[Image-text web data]
=-=-=

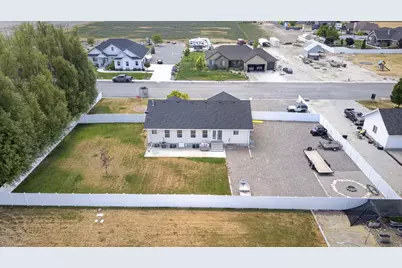 465 E 400 S, Centerfield, UT 84622 - Photo 47
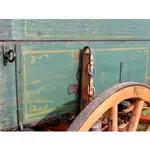 mitchell_columbus_wagon_det_1.webp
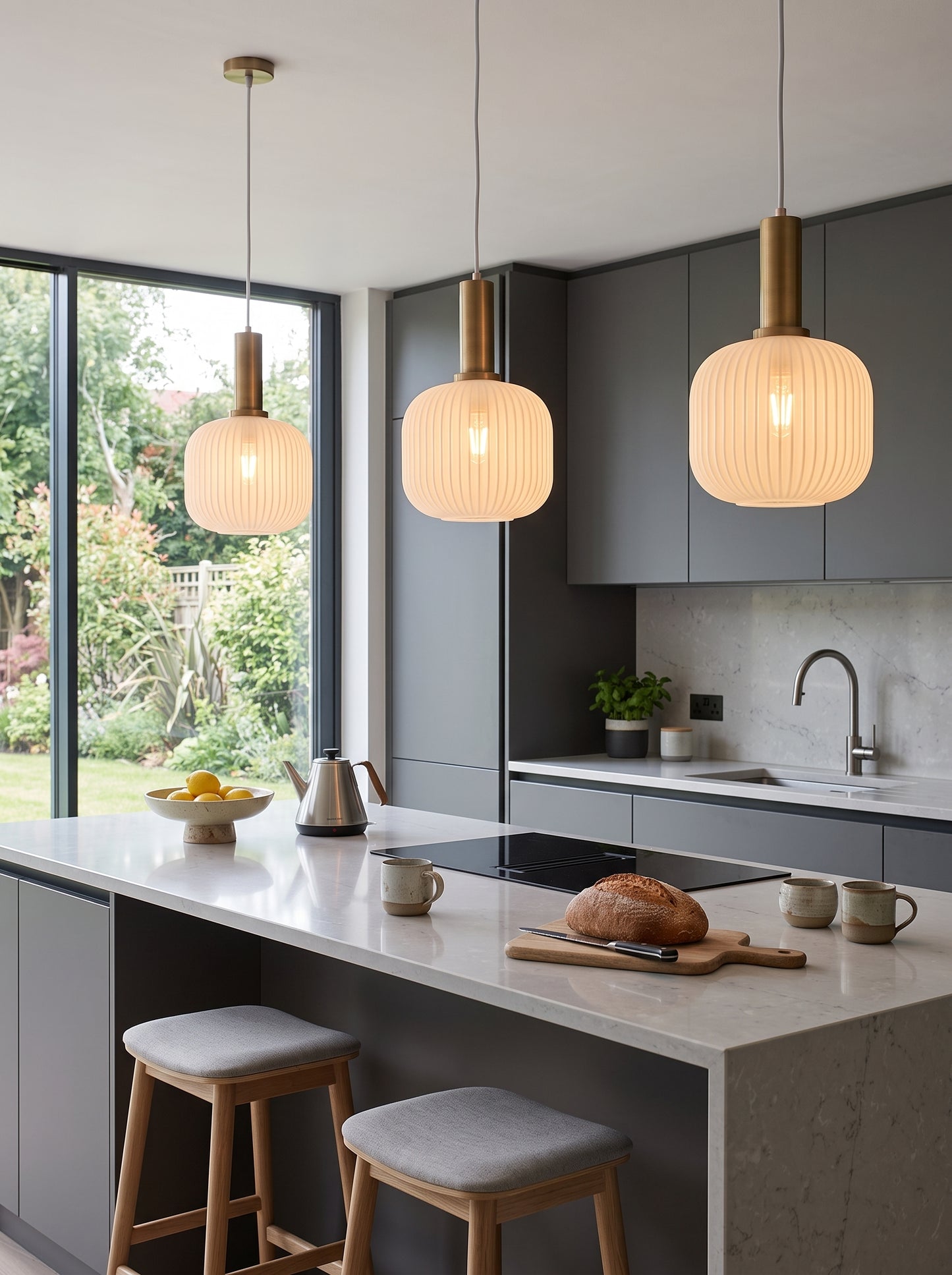Suspension en Verre Strié Design Nordique - KURA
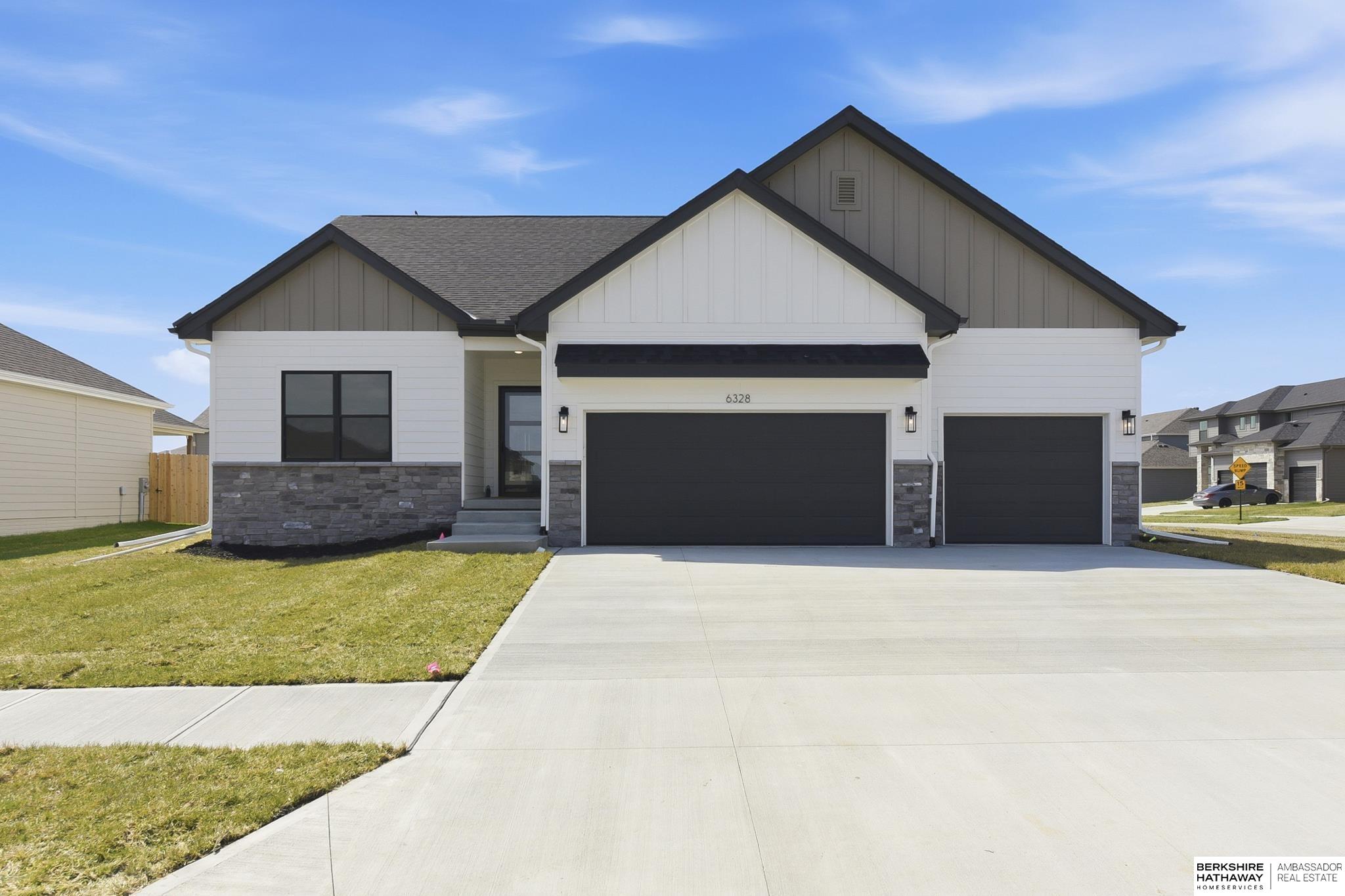 Photo of 11658 S 124th Avenue Papillion NE 68046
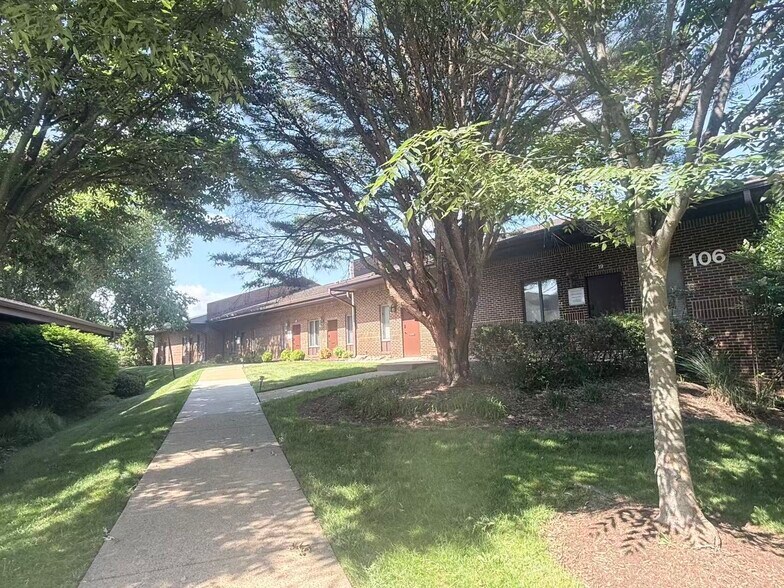 More Photos Of 106 Elden St, Herndon Medical For Sale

=-=-=

Take the line containing "Photo of 11658" and every line after it through the end of the data, and write them out exactly, with no pictures.

 Photo of 11658 S 124th Avenue Papillion NE 68046
 More Photos Of 106 Elden St, Herndon Medical For Sale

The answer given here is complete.